Kenapa begitu? Mari kita kupas lebih dalam.
Kekuatan Sejati Ada di Kesunyian
Saya sudah mengamati banyak orang yang menerapkan stoicisme dalam hidup mereka. Ada yang menarik: mereka yang benar-benar menguasai filosofi ini justru jarang membicarakannya. Mereka lebih fokus pada praktik nyata daripada terlihat keren di media sosial.
Bayangkan dua orang yang sedang menghadapi masalah berat. Yang pertama langsung update status tentang betapa kuatnya dia menghadapi cobaan, lengkap dengan quotes Marcus Aurelius. Yang kedua? Dia diam-diam mempraktikkan prinsip stoic: menerima apa yang tidak bisa diubah, fokus pada apa yang bisa dikontrol.
Tebak siapa yang lebih likely bisa melewati masalah dengan baik?
Mengapa Stoicisme “Diam-diam” Lebih Powerful?

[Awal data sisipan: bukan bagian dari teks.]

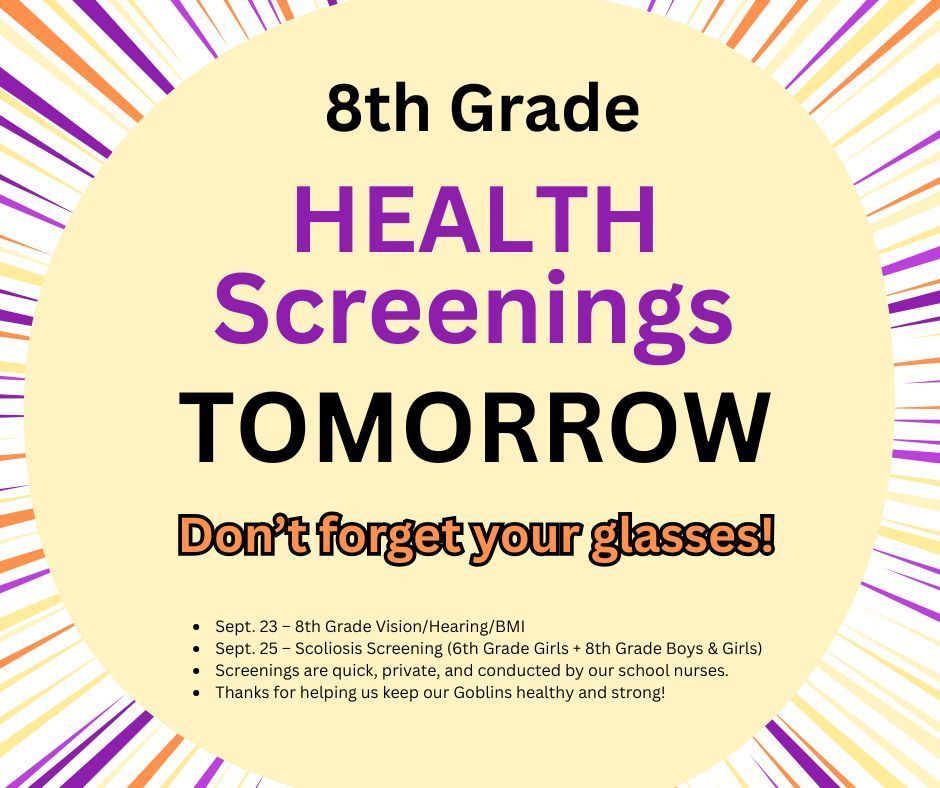 8th Grade Vision, Hearing, and BMI Screenings – Tuesday, 9/23 Reminder: If your student wears glasses, please be sure they bring them to school for the screening.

- Fokus pada esensi, bukan pengakuan
Orang yang benar-benar kuat tidak butuh validasi dari likes dan komentar. Mereka tau bahwa perubahan sejati terjadi dalam kesunyian, saat tidak ada yang melihat. Ini seperti proses metamorfosis kupu-kupu, terjadi dalam kepompong, jauh dari sorotan mata. - Tindakan lebih penting dari kata-kata
Stoicisme mengajarkan bahwa karakter sejati terlihat dari tindakan, bukan dari apa yang kita posting di Instagram. Saat kamu benar-benar menguasai emosimu, kamu tidak perlu memberitahu dunia. Ini mirip dengan orang yang benar-benar kaya, mereka jarang memamerkan kekayaannya. - Ketenangan yang autentik
Ada perbedaan besar antara terlihat tenang dan benar-benar tenang. Mereka yang praktik stoicisme dalam diam biasanya lebih autentik dalam menghadapi masalah. Ketenangan mereka bukan untuk dipamerkan, tapi untuk diri sendiri.
Pelajaran dari Para Praktisi Stoic Modern
Dalam pengamatan saya selama bertahun-tahun, ada beberapa karakteristik menarik dari para praktisi stoic modern yang sukses:
- Mereka jarang mengeluh
Bukan berarti mereka tidak punya masalah, tapi mereka memilih untuk fokus pada solusi daripada berkeluh kesah di media sosial. - Respons vs Reaksi
Mereka sangat paham perbedaan antara merespons dan bereaksi. Saat orang lain reaktif posting di medsos, mereka memilih merenung dan merespons dengan bijak. - Konsisten dalam keseharian
Yang membuat mereka berbeda adalah konsistensi. Mereka menerapkan prinsip stoic bahkan dalam hal-hal kecil sehari-hari.
Bagaimana Cara Memulai?
Kalau kamu tertarik menerapkan stoicisme dengan cara yang lebih autentik, ini beberapa langkah yang bisa kamu coba:
- Mulai dengan diri sendiri
Fokus dulu pada perbaikan diri tanpa merasa perlu share ke medsos. Rasakan prosesnya, nikmati perjalanannya. Buat jurnal pribadi untuk mencatat progress-mu. - Praktikkan refleksi harian
Luangkan waktu setiap malam untuk merefleksikan hari kamu. Apa yang bisa dikontrol? Apa yang tidak? Bagaimana responmu terhadap kejadian hari ini? Coba praktikkan journaling ala Marcus Aurelius. - Embrace the silence
Tidak semua hal perlu dibagikan ke publik. Kadang, perjalanan personal kita lebih bermakna ketika dijaga tetap personal. Belajarlah nyaman dengan proses yang tak terlihat. - Bangun rutinitas pagi
Para praktisi stoic yang saya kenal biasanya punya morning routine yang solid. Ini membantu mereka memulai hari dengan mindset yang tepat.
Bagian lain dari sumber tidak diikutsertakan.